Friday, November 16, 2012
Oakridge Mall
Kingsgate Mall is one of two Vancouver malls slated for (re)development. Recently it was announced that Oakridge Mall at 49th and Cambie would be converted from a low-rise two-storey structure (with acres of outdoor parking) to a city-within-a-city megapiece featuring 13 towers, the tallest at 45 storeys (see above). Within this mass, 2800 private homes and 350 retail shops.
While the Beedie Group (the current lease-holders of the Kingsgate Mall) have yet to reveal their plan, area residents continue to express concern over the scale of recent development applications, particularly in light of the controversial Rize proposal at Broadway and Kingsway, or the Stong's Markets site in Dunbar. As is often the case with these developments, the first to assure us are not the developers but the architects. On the topic of Oakridge, Stantec Architecure Ltd.'s Darren Burns had this to say: "I think you have to look long-term and think what the city will look like in 2050."
Like a lot of architects, Burns not only designs buildings (for developers) but sells them to area residents. Implicit within the architect's expanded role of "seller" is the changing role of area residents who, increasingly, want a say in that which they will be living next to. Indeed, as new models for developments take shape (such as the city-within-a-city structure at Olympic Village) so too are area residents forming their own critical structures.
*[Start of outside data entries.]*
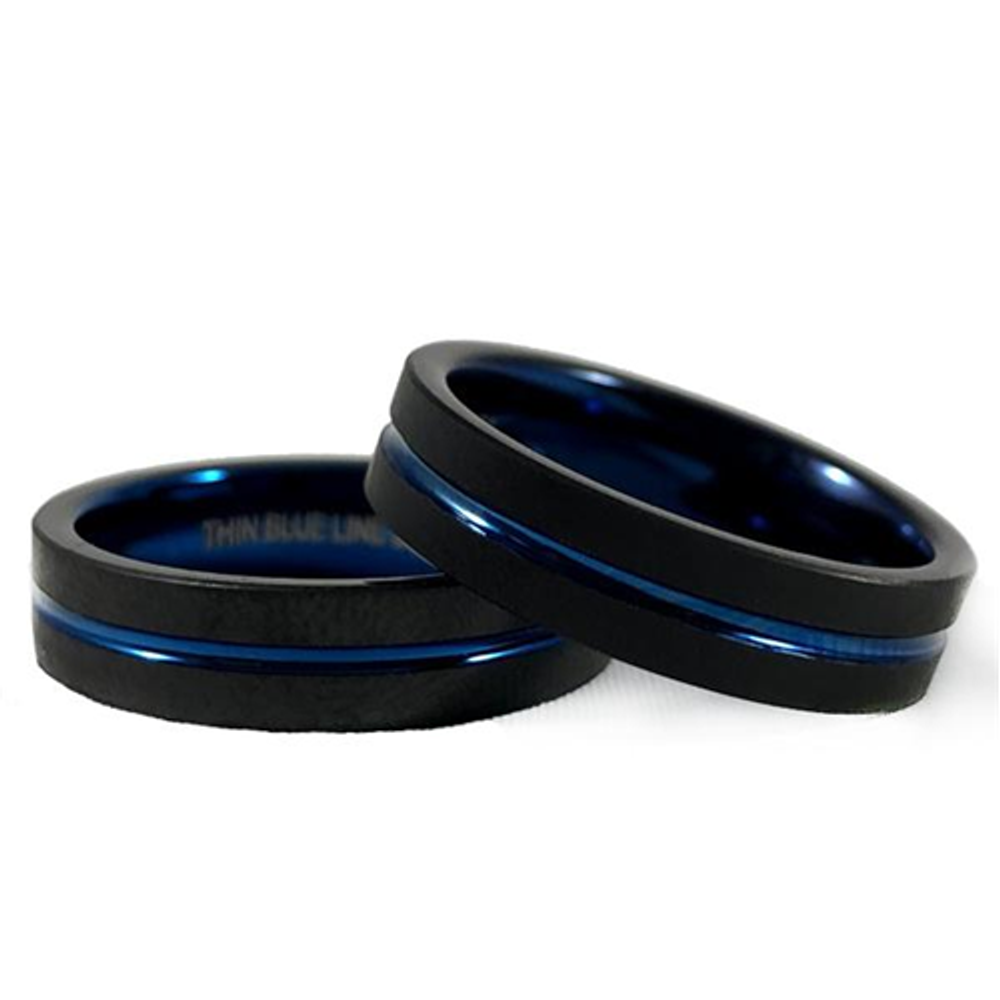 Thin Blue Line WOM-RING-TBL-BLACK-10 Women's Thin Blue Line Ring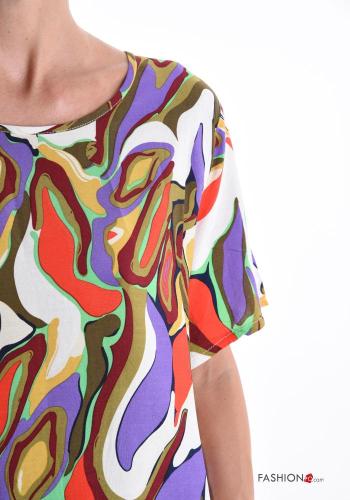 T-shirt em Algodão manga curta gola redonda Padrão abstrato - ph 4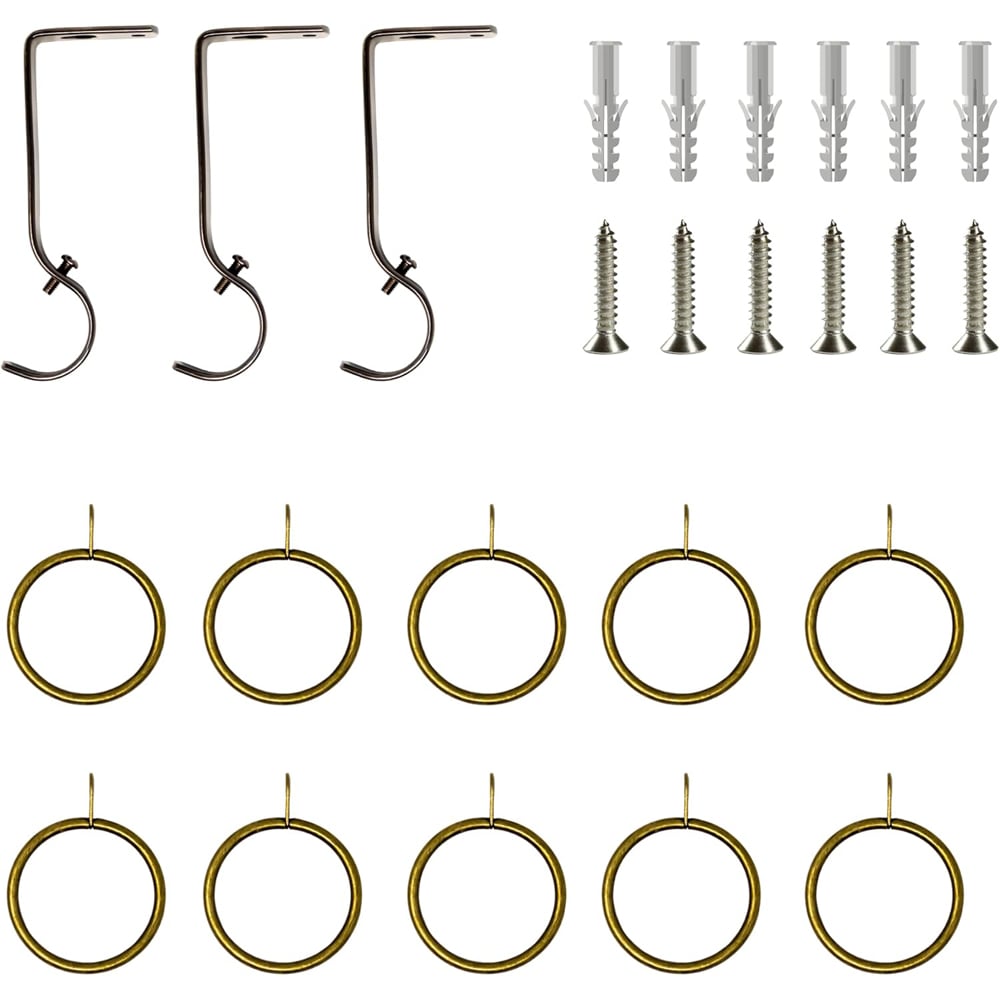 Home Treats 40 to 218cm Extendable Brass Metal Round Curtain Pole Image 4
Mediating between builders and concerned citizens are municipal governments, who approve development applications, ideally through community consultation. Have these governments developed new structures to consider the increasingly sophisticated concerns of area residents? That is the question being asked by those currently gathered on the steps of Vancouver City Hall, many of whom have imagined this city in 2050 and do not like what they see.